Records to process:

######

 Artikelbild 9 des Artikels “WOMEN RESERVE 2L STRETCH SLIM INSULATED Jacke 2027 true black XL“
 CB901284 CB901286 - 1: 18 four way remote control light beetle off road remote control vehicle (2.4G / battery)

######

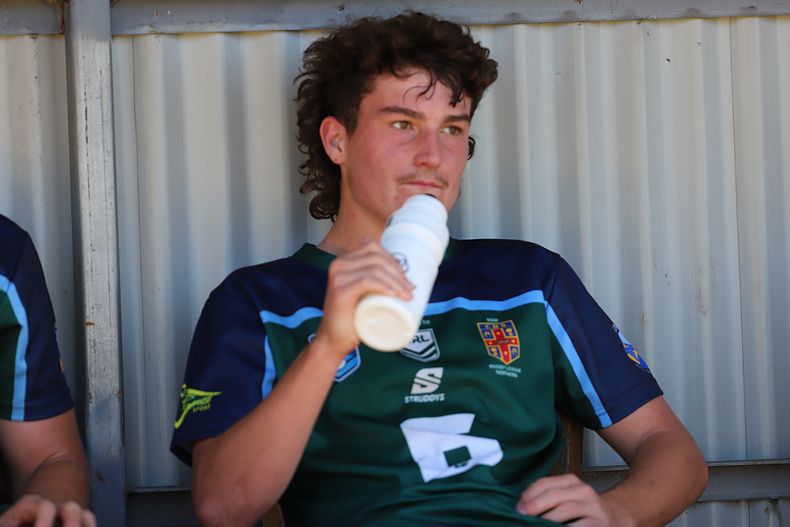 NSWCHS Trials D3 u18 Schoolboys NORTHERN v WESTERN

######

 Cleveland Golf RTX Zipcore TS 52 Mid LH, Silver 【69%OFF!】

######

Instructions to follow:
In the listing above, locate the line containing "Artikelbild 9 des" and the line containing "CB901284 CB901286 - 1: 18". Transcribe those two lines and everything between them, exactly as written.

Answer to the exercise:
 Artikelbild 9 des Artikels “WOMEN RESERVE 2L STRETCH SLIM INSULATED Jacke 2027 true black XL“
 CB901284 CB901286 - 1: 18 four way remote control light beetle off road remote control vehicle (2.4G / battery)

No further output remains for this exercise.